La alteración que supone en el dispositivo formal el predominio del segundo tema y hasta el mismo lirismo de los dos miembros del primero, sobre todo el que es cabeza del tema; la falta de real contraste entre ambos grupos temáticos; la abundancia de repeticiones literales y, en fin, una como falta de ritmo interno, de auténtica fuerza cohesiva en el material empleado y en su desarrollo, debilitan la estructura de este Allegro de Sonata. Pero triunfa de todo su expresividad, su inagotable contenido emocional al que sirve una instrumentación de extrema belleza en gran parte de sus pasajes y siempre sutil, plena de espontaneidad y frescura, fiel en absoluto a los matices nostálgicos que llenan este movimiento e incluso se acrecientan en el siguiente. A un nuevo concepto de la música corresponde esta transparente sonoridad, con los añorantes timbres del oboe y de los cornos que resaltan con frecuencia del conjunto.

El segundo tiempo, Andante con moto, en forma de Sonatina, presenta un largo primer tema que, como en el Allegro precedente, consta de dos miembros bien perfilados. Sobre el segundo tema y el tratamiento de cada una de las secciones, habría qu.e repetir mucho de lo ya dicho al ocuparnos del otro movimiento. El melodismo schubertiano gana aquí su mayor relieve. Amplias líneas melódicas, expresivas armonías, cuya fuente está en los lieder de la última época y que encuentran en el empleo de los timbres orquestales matices que realzan su contenido. La abundancia de las repeticiones se acentúa en esta parte de menor dinamismo.

La Sinfonía Inconclusa no fue interpretada por Anselmo Hüttenbrenner, que no la hizo llegar al Musikverein de Gratz, en Stiria, conforme a lo que se había comprometido con Schubert. Guardada entre otras partituras por su poco celoso destinarlo, se hubiera perdido de no ser por las argucias a que recurrió para recuperarla Johann Herbeck, director de la Viena Gesellschaft der Musikfreunde. Supo que Hüttenbrenner poseía aquel manuscrito y, para solicitarlo, realizó un viaje a Gratz. Como temía no encontrar mucho interés en que se le entregase, comenzó por pedir a Hüttenbrenner una de sus oberturas para estrenarla junto con la Sinfonía de Schubert. Así fue hallada y se interpretó por primera vez en 1865. Herbeck cumplió su palabra y la obertura de aquel insignificante compositor figuró en el mismo programa.

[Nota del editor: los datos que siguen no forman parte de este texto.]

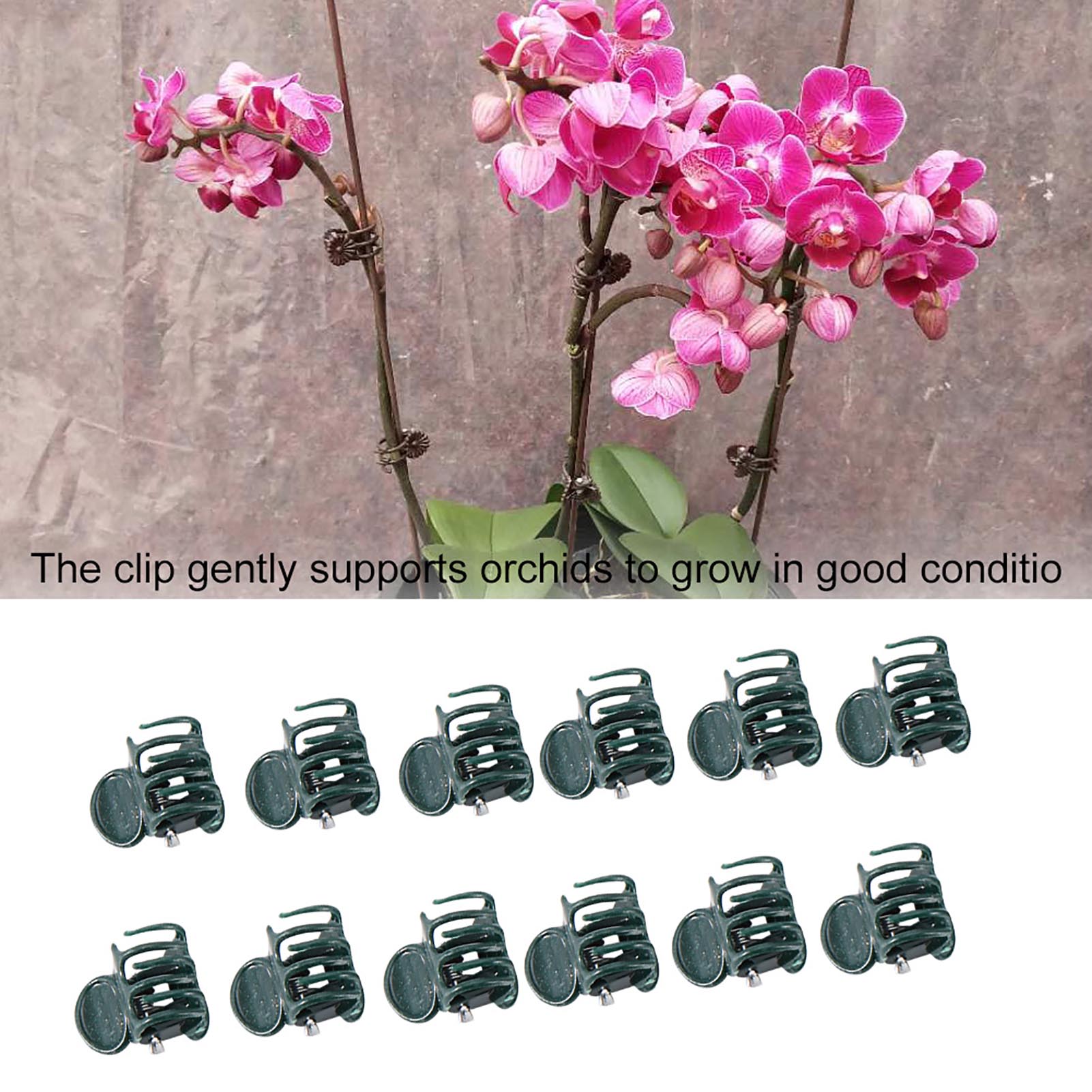 100 Stück Mini-Pflanzenklammer – Florist Supply Bulk Bewertung und Preis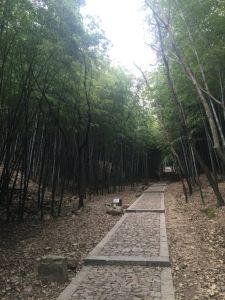 東吳國家森林公園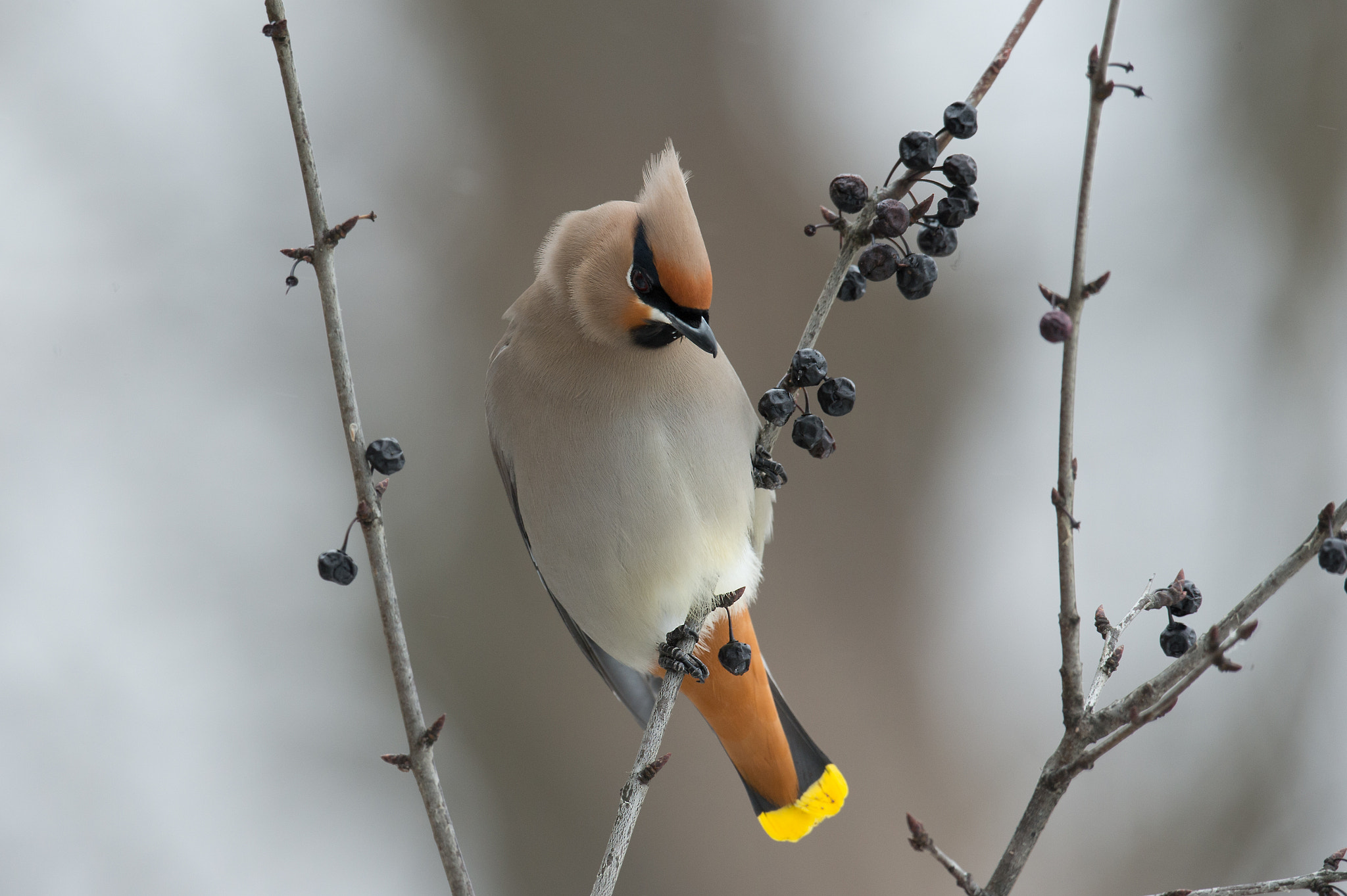 Nikon D4 + Nikon AF-S Nikkor 800mm F5.6E FL ED VR sample photo. Jaseur boreal, bobucilla garrulus, bohemian waxwing photography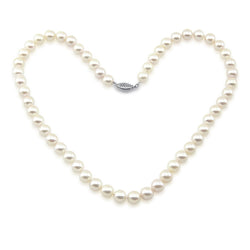 14k White Gold 7.0-7.5mm White with Ivory Akoya Cultured Pearl High Luster Necklace 18", AAA Quality.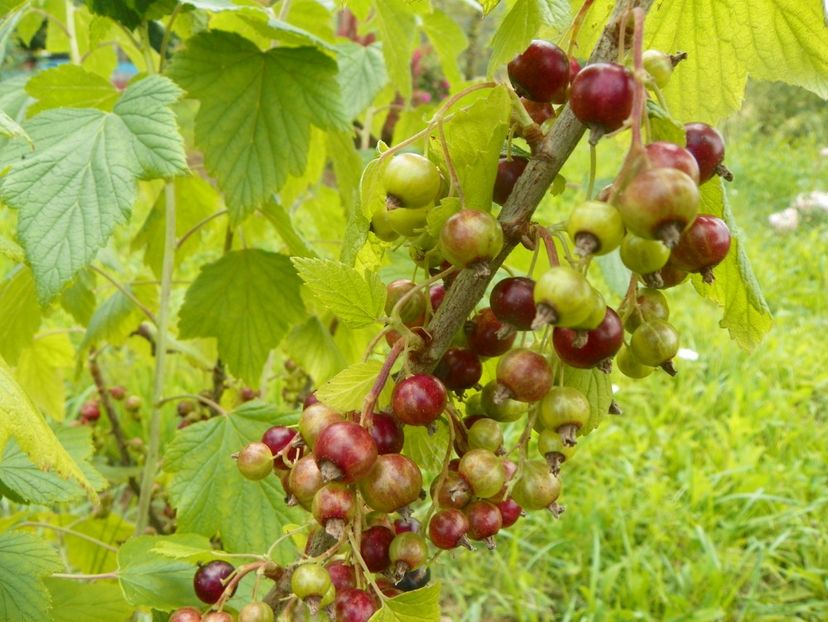 ribes - Dobarland 2019 3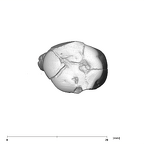 SK 14001 Paranthropus robustus ULP3 occlusal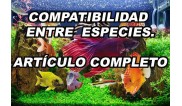 Peces acuarios compatibilidad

El destino de la Gran Sinfonía en Do mayor, compuesta en marzo de 1828, el año de la muerte de Schubert, fue semejante al de la Inconclusa. Esta vez el descubridor fue Roberto Scthumann. La encontró en 1838 entre los manuscritos que conservaba Fernando Schubert, junto a otras obras de la misma o mayor importancia, como el Cuarteto de “La muerte y la doncella”. Schubert la escribió para el Musikverein de Viena. Se puso en estudio, pero no pasó de los primeros ensayos. Los músicos la encontraron excesivamente larga y complicada. Schubert, que aprovechó aquellas lecturas para corregir su partitura, se avino a que fuera sustituida por la Sinfonía en Do mayor de 1817, la Sexta. La deuda que Viena dejó impaga, gracias al entusiasmo de Schumann fue cubierta por Leipzig. En el famoso Gewandhaus se interpretó la última sinfonía de Schubert, dirigida ipor Mendelssohn, en 1839.

El ensanchamiento de la forma emprendido en la Inconclusa es extremado en esta Sinfonía. Los problemas formales planteados en las anteriores ahora se proyectan resueltamente hacia una solución que pretende ser definitiva: el establecimiento del nuevo tipo de sonata orquestal que reclamaba el espíritu de la época y que exigía el desarrollo de la música más allá de hasta donde lo llevó el genio de Beethoven, Quizás Schubert, bajo el presentimiento de una muerte cercana que agobió sus últimos años, quiso realizar un esfuerzo supremo, crear la gran sinfonía, en todos los sentidos grande, que coronara su labor. Lo hasta entonces realizado por él como sinfonista debió parecerle de muy escaso valor ante los propósitos que le animaban. Ya desde el primer tiempo de la Sinfonía Décima se advierte que la realización ha sido exigente, laboriosa.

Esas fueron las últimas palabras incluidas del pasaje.